Google Glass : innovation utile ou illusion d’optique ?

Et si Google se mettait le doigt dans l’œil avec sa récente et flamboyante nouveauté : les Google Glass ? Brandie comme le must absolu de l’innovation lors de la grande messe techno Google I/O du 15 au 17 mai dernier, la paire de bésicles ultra high-tech n’est peut-être pas le meilleur atout d’image dont puisse se prévaloir le géant de Mountain View. Au-delà du fantasme geek, l’objet soulève de dérangeantes questions auxquelles Google n’apporte aujourd’hui aucune réponse si ce n’est son éternelle et primesautière « googly » attitude. Est-ce suffisant pour convaincre ?

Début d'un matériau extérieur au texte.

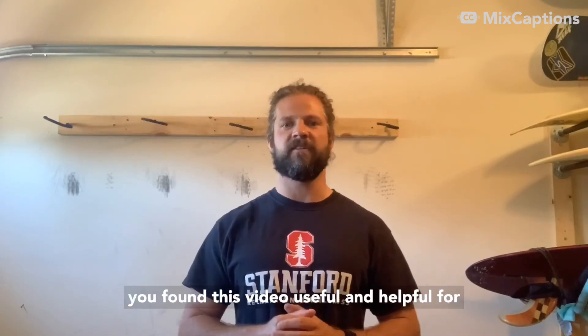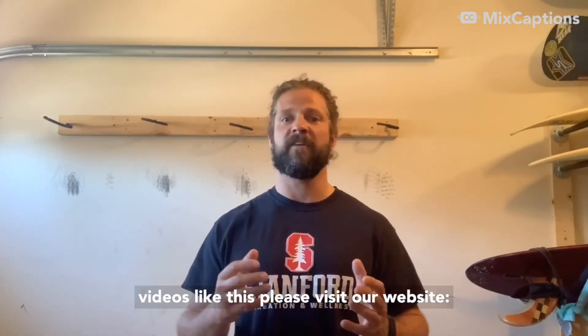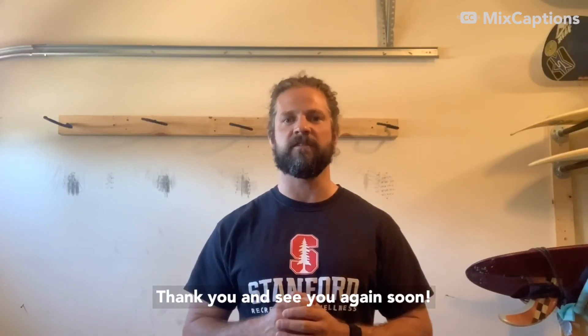I hope that you found this video useful and helpful for your fitness and well-being goals. For more videos like this, please visit our website at rec.samford.edu/virtual-fitness. Thank you and see you again soon.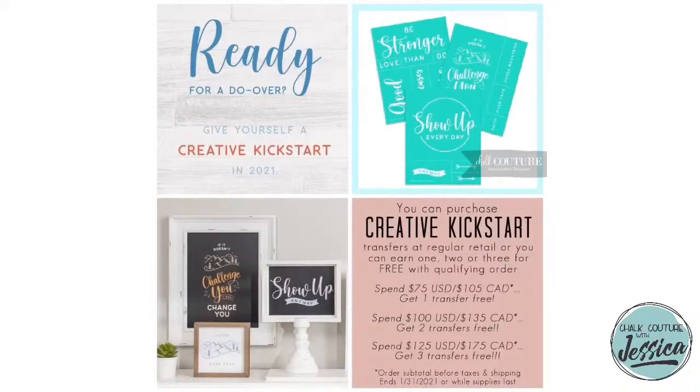This is where the coupon stacking comes into play with Club Couture customers. During this month, if you spend $75 US or $105 Canadian in my online store, you get one Creative Kickstart transfer free. Spend $100 US or $135 Canadian, you get two free. Spend $125 US or $175 Canadian, you get all three free. And as a Club Couture customer, you need to spend $150 to get the free reclaimed surface — so you'd get all three transfers AND a reclaimed surface. That's almost $75 worth of product free.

L’opticien Alain Afflelou n’a qu’à bien se tenir. La folie qu’il promet à longueur de temps dans ses pubs pour lunettes pourrait bientôt faire place nette à l’addiction pour le nouveau gadget concocté par les cervelles technoïdes des ingénieurs de Mountain View : les Google Glass. On en a beaucoup parlé, ils l’ont fait et l’ont dévoilé lors de la dernière conférence I/O qui rassemble annuellement des milliers de développeurs à San Francisco.

C’est quoi ce truc ?

Une monture légère équipée d’une mini-caméra connectée

Jusqu’où ira Google pour se rendre incontournable dans notre quotidien d’humain connecté ? Une partie de la réponse pourrait se trouver dans la dernière trouvaille du X Lab, un laboratoire en robotique et intelligence artificielle dirigé par l’un des deux fondateurs de Google, Sergey Brin. Cette réponse revêt la forme d’une étrange  paire de lunettes branchée sur Internet permettant de faire des requêtes à l’identique de celles effectuées sur un smartphone. Autrement dit, il suffit de commander vocalement ses lorgnons numériques pour obtenir diverses informations, prendre des photos ou établir des communications mais en situation de réalité augmentée grâce à un mini écran logé dans la monture.

Eric Dupin, auteur du célèbre blog techno Presse-Citron, est un des rares « happy few » français qui a pu tester les lunettes. Il en fait la description suivante (1) : « Reliées en Bluetooth à votre smartphone Android, elles affichent dans un minuscule écran incrusté en haut à droite des montures toutes les informations que vous souhaitez consulter : météo, navigation GPS, photo, vidéo, email, Twitter (…) Quand je parle de minuscule écran, le cube de verre de 1 cm de côté dans lequel il est logé vous envoie une image haute définition correspondant à un écran d’ordinateur situé à 50 cm de vos yeux (…) Difficile d’établir un ratio, mais je peux vous dire que le rendu est saisissant, après quand même une petite période d’adaptation et de réglages de la distance et de la position par rapport à l’œil ».

Orchestrer le buzz

Célèbre blogueur techno, Robert Scoble est tellement fan qu’il prend sa douche avec Google Glass

Pour faire monter progressivement la température et porter la communauté technophile à ébullition, Google a utilisé la bonne vieille recette du goutte-à-goutte informationnel. Au cours du deuxième semestre 2012 tandis que le concept approche de sa forme finale (même si elle demeure toutefois une version bêta), le géant de Mountain View consent à lâcher quelques aperçus de ce que sera sa monture révolutionnaire. Sergey Brin accorde notamment une interview exclusive au Wall Street Journal au cours de laquelle il permet au journaliste de tester lui-même brièvement l’innovation signée Google. Rien de tel pour immédiatement susciter une curiosité fébrile de tous les geeks à l’affût de la prochaine rupture technologique.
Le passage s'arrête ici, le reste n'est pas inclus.